Material provided>
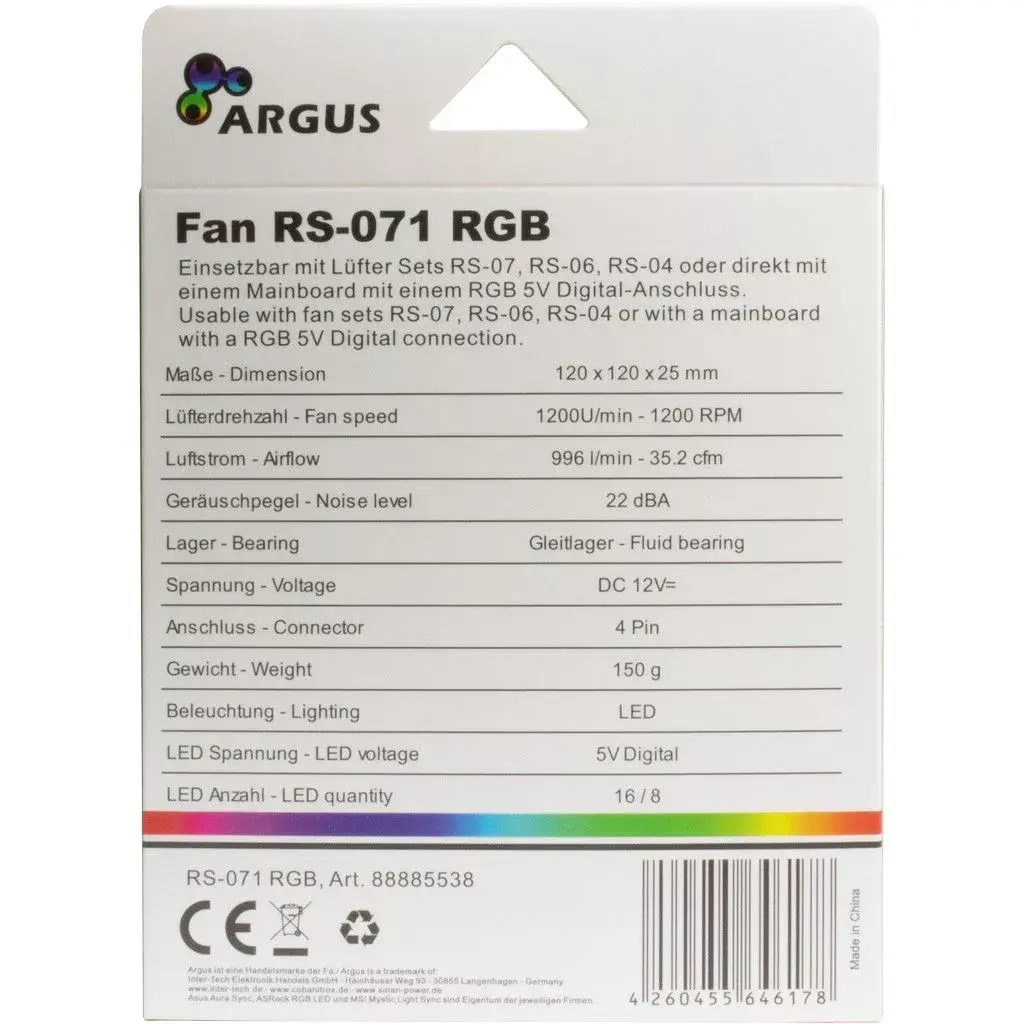 Fan Inter-Tech RS-071 RGB Photo 4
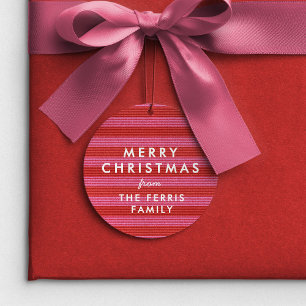 Merry Christmas cute red pink stripe holiday gift Favor Tags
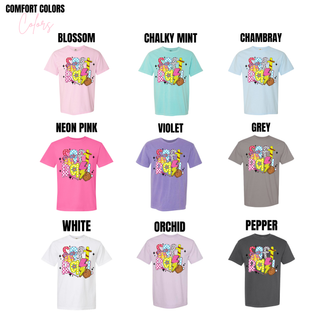 Comfort Colors softball graphic shirt shown in blossom, chalky mint, chambray, neon pink, violet, grey, white, orchid and pepper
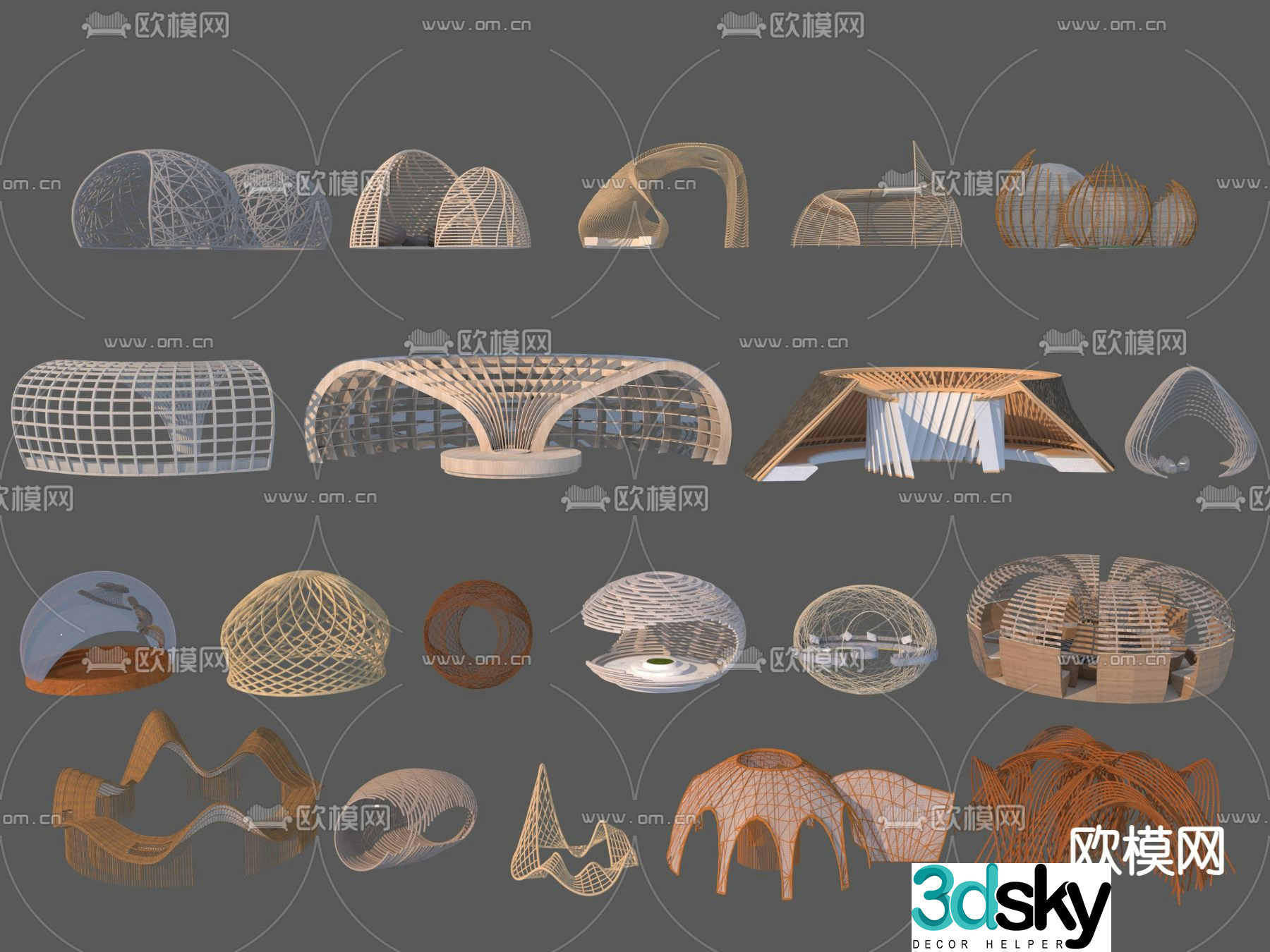 Landscape gallery bamboo art gallery gallery 3d model
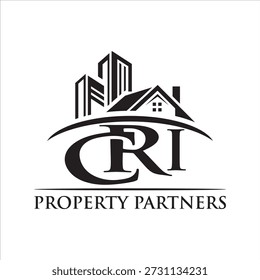 El logotipo de socio de propiedad de CRI presenta un diseño elegante y profesional que refleja la confianza y la experiencia, mejorando la identidad de la marca con un aspecto moderno, limpio y memorable ideal para bienes raíces y propiedades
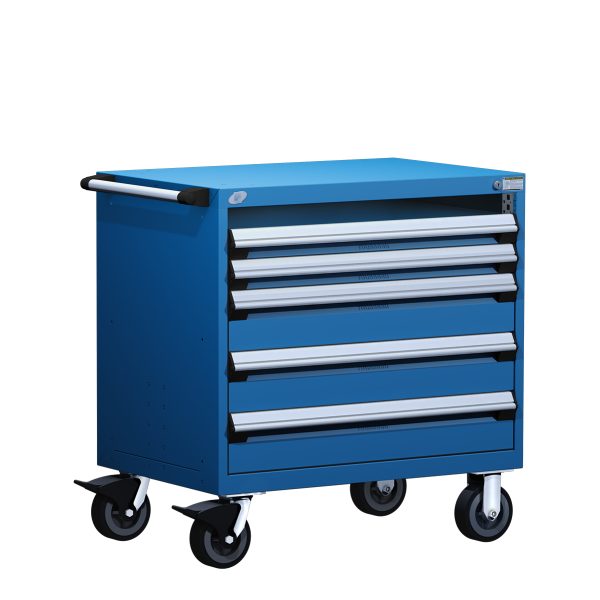 Heavy-Duty Mobile Cabinet (36"W x 24"D x 37 1/2"H), Roll-Out Shelf, 4 Drawers w/o Partitions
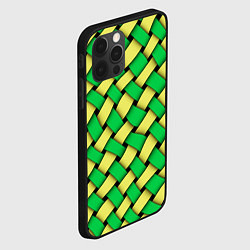 Чехол для iPhone 12 Pro Max Жёлто-зелёная плетёнка - оптическая иллюзия, цвет: 3D-черный — фото 2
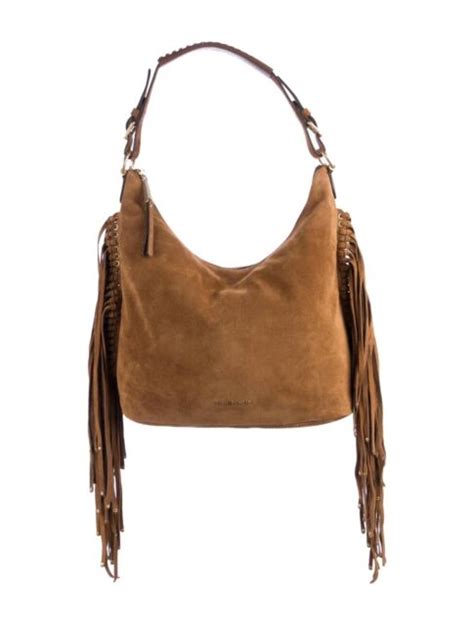 Michael Kors Billy Large Fringe Hobo Suede Leather Dark 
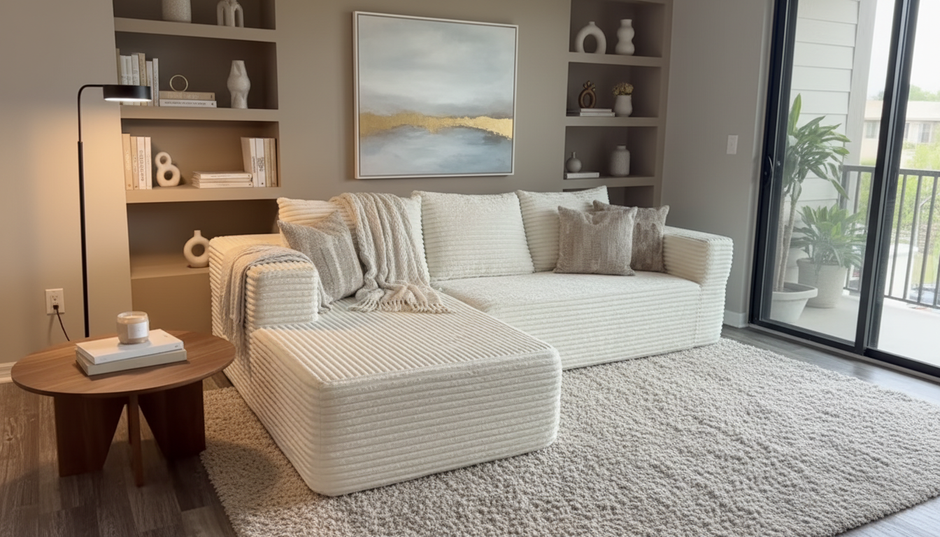 Modern L-Shaped Sectional Sofa with Chaise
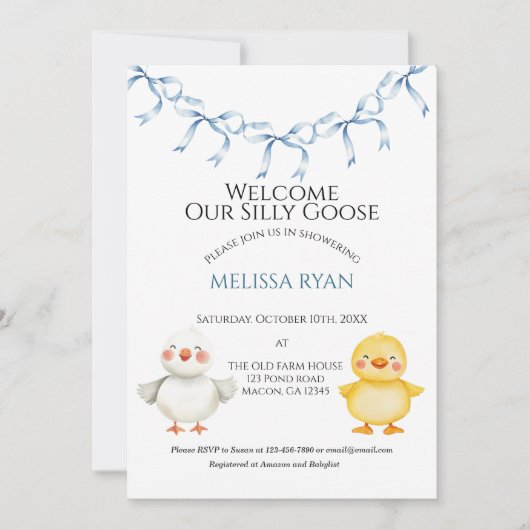 Herzlich willkommen bei unserer kleinen Gans Einladung (Vorderseite)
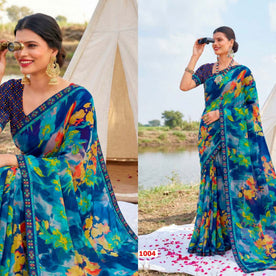 Fashionable Printed Saree with Blouse Piece for Festive Collection  | PRM-GULNASHI VOL-2
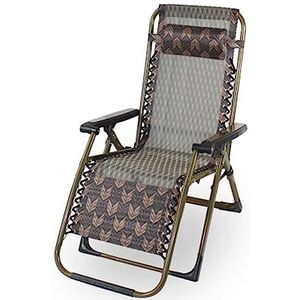 GEIRONV Draagbare Zero Gravity Recliner Stoel, Zomer Balkon Luie Persoon Stoel Kantoor Lounge Stoel Opvouwbare Lunch Rust Ouderen Stoel Fauteuils (Color : Brown, Size : 68x113cm)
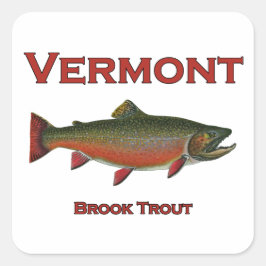 Vermont Fischen - Bachforelle Quadratischer Aufkleber
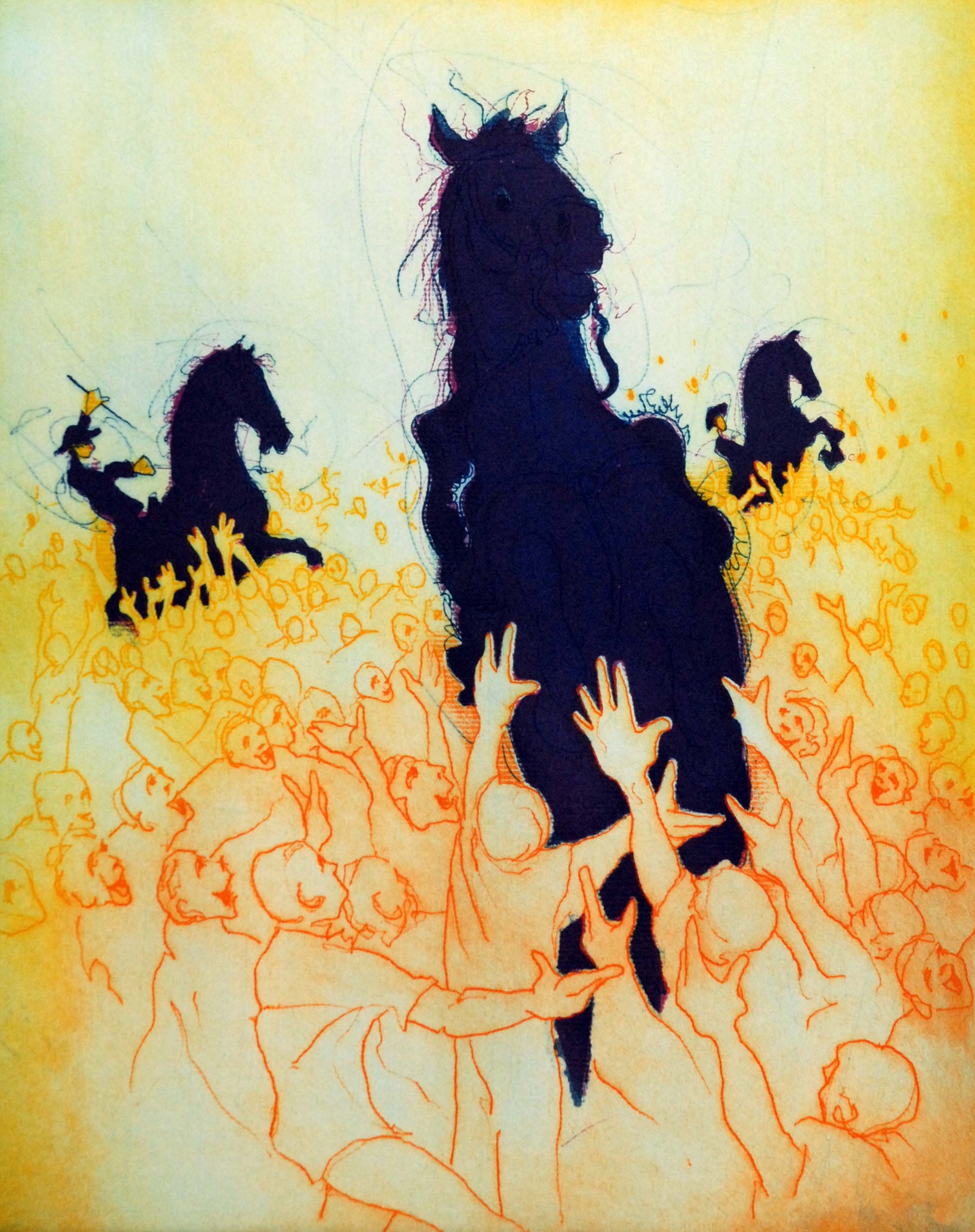 Ronald Tolman - kleurenets, 'Drie paarden in menigte', 2000 (GROOT) verkocht voor € 175!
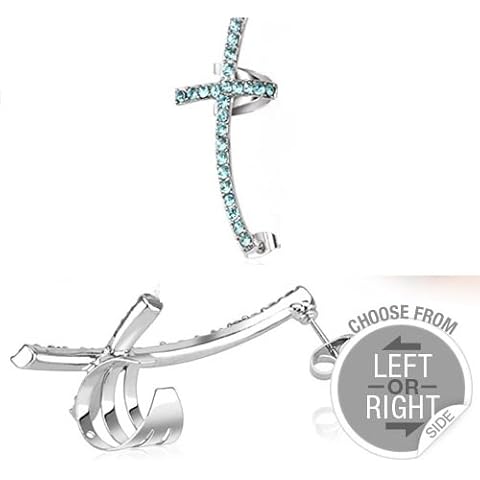 Body Accentz Tragus Earring Double 316L Surgical Steel Gem Paved Ear Cross Cuff Cover
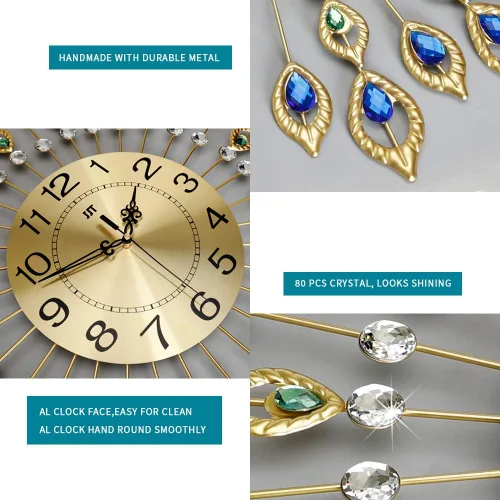 Miniatura 4 de Reloj de pared grande y moderno para decoración de sala de estar, reloj de pared de cristal decorativo de 24 pulgadas estilo pavo real, operado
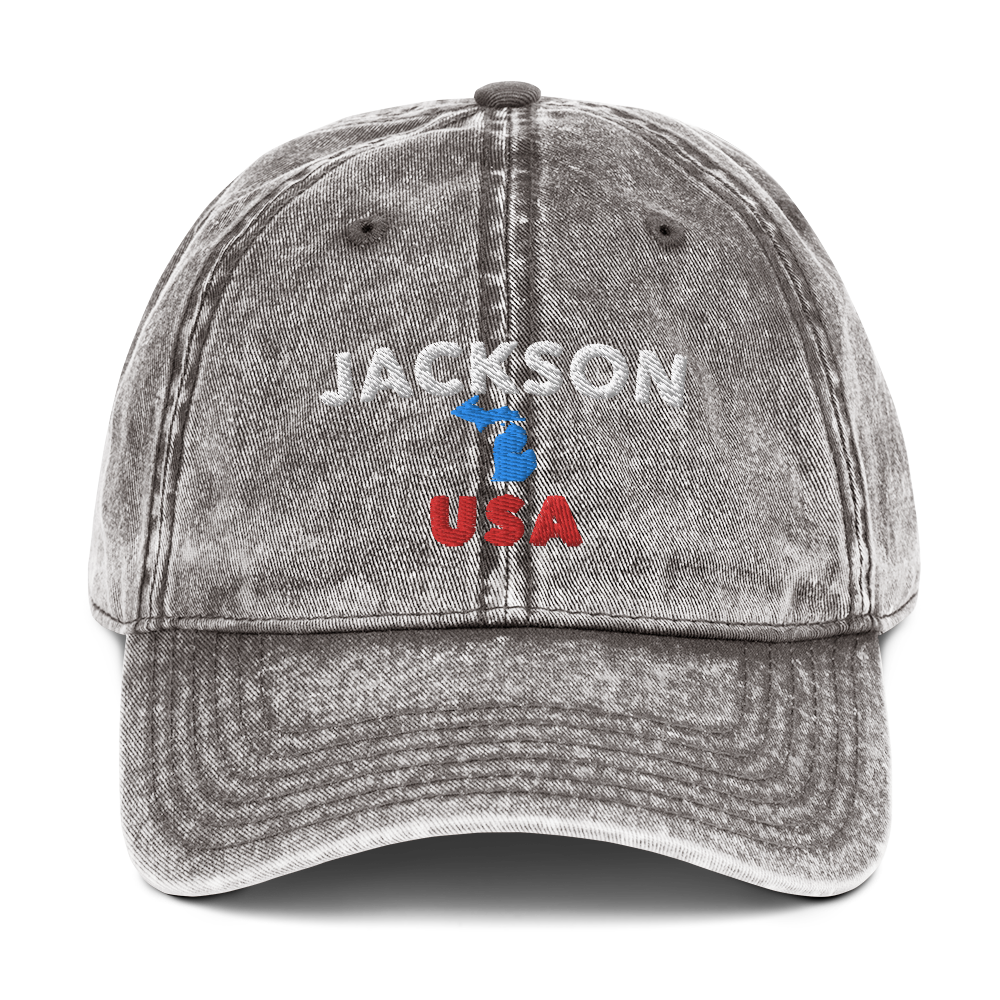 'Jackson USA' Vintage Baseball Cap (w/ Michigan Outline)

Exercise brief> All that is needed is an exact copy of the lines from the top of the entries through the line containing "Fashionable Printed Saree", pictures left out.

Answer section>
 Fan Inter-Tech RS-071 RGB Photo 4
 Merry Christmas cute red pink stripe holiday gift Favor Tags
 Comfort Colors softball graphic shirt shown in blossom, chalky mint, chambray, neon pink, violet, grey, white, orchid and pepper
 Landscape gallery bamboo art gallery gallery 3d model
 El logotipo de socio de propiedad de CRI presenta un diseño elegante y profesional que refleja la confianza y la experiencia, mejorando la identidad de la marca con un aspecto moderno, limpio y memorable ideal para bienes raíces y propiedades
 Heavy-Duty Mobile Cabinet (36"W x 24"D x 37 1/2"H), Roll-Out Shelf, 4 Drawers w/o Partitions
 Чехол для iPhone 12 Pro Max Жёлто-зелёная плетёнка - оптическая иллюзия, цвет: 3D-черный — фото 2
 Michael Kors Billy Large Fringe Hobo Suede Leather Dark 
 Modern L-Shaped Sectional Sofa with Chaise
 Herzlich willkommen bei unserer kleinen Gans Einladung (Vorderseite)
 Fashionable Printed Saree with Blouse Piece for Festive Collection  | PRM-GULNASHI VOL-2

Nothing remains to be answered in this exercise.